Double Precision Units in Kepler?

http://www.nvidia.com/content/PDF/kepler/NVIDIA-Kepler-GK110-Architecture-Whitepaper.pdf

I thought we use vector lengths as multiple of 32 because a warp has 32 CUDA cores.

However, it seems that there exist another units for double precisions, and CUDA cores seem to work only on single precision operations.

What I’m doing with my code all consist of double precision operations.

Do I still have to use vector length of 32?

If CUDA cores are for single precisions, what do they do during double precision operations?

I thought we use vector lengths as multiple of 32 because a warp has 32 CUDA cores.

A warp has 32 threads, not cores. Threads, warps, and blocks are programming elements. Compute units, cores, and multi-processor are hardware elements. Multiple warps may be actively running at the same time on different computing elements.

Do I still have to use vector length of 32?

The floating point precision you’re using has no effect on the vector length.

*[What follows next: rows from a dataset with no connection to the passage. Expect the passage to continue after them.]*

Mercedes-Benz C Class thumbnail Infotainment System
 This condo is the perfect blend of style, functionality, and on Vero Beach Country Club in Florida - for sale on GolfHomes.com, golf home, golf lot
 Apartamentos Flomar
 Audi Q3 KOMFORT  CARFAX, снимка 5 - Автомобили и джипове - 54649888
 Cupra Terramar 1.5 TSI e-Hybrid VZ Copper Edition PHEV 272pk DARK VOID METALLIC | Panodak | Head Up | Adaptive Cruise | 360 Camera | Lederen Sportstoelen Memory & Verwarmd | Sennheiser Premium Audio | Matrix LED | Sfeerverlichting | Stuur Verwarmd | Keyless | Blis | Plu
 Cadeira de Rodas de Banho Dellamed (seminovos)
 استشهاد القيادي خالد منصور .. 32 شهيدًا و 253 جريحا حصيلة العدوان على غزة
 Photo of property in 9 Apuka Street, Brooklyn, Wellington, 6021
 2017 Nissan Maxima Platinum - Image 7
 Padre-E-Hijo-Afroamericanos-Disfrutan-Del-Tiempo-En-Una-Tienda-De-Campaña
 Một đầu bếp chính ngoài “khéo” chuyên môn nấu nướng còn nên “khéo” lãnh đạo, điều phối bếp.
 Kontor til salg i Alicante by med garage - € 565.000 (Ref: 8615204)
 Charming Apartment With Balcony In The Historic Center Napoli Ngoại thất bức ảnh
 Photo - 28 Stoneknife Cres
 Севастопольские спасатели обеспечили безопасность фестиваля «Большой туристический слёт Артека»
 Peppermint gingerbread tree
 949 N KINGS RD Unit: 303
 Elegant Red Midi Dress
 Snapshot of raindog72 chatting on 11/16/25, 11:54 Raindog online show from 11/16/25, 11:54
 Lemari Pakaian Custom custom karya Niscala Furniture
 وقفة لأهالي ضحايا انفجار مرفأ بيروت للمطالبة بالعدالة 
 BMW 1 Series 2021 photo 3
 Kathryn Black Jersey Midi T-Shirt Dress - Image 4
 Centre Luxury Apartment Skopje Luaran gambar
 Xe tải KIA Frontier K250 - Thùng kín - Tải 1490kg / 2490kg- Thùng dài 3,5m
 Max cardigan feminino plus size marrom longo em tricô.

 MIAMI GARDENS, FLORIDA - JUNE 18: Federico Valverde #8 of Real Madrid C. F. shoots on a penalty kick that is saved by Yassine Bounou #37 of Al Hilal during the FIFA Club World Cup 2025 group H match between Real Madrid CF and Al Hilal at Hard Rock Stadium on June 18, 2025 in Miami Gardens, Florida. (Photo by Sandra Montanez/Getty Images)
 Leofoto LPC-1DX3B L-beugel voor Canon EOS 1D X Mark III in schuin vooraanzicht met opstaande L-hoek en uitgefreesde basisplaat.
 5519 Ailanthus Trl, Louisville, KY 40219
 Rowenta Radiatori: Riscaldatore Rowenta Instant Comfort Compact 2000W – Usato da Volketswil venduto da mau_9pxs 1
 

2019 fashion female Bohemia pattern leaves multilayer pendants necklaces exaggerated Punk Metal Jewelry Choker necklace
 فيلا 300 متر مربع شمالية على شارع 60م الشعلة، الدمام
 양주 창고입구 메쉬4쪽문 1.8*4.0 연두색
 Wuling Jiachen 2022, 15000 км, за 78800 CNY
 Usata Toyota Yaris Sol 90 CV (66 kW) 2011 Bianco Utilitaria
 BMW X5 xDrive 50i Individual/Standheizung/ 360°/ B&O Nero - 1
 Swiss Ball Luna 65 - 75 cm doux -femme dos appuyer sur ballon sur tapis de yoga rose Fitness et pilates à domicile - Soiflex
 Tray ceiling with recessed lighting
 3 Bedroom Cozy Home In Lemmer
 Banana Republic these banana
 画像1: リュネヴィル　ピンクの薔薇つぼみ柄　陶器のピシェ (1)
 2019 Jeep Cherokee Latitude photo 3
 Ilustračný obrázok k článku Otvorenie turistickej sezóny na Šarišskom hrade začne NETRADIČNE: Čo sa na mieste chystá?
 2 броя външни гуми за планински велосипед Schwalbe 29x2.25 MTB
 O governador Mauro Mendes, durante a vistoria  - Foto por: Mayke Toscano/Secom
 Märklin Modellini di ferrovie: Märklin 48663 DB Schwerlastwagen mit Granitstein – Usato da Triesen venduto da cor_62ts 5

While using double precision may require threads to share resources and thus effect performance, this does not change how you program.

If CUDA cores are for single precisions, what do they do during double precision operations?

That will depend. If you have another warp performing single precision or integer instructions, then the other compute units will be occupied with these instructions. If all the active warps are only performing double precision, then you’d have inactive elements.

See the section labeled “Streaming Multiprocessor (SMX) Architecture” for more details.

  • Mat

Does CUDA or OpenCL also have separate programming elements?

It’s easy to understand the hierarchy of workitems in case of single precision because a vector and a warp can be directly mapped to an ALU(CUDA Core) and a SIMD engine.

However, in case of double precision, they are not mapped directly.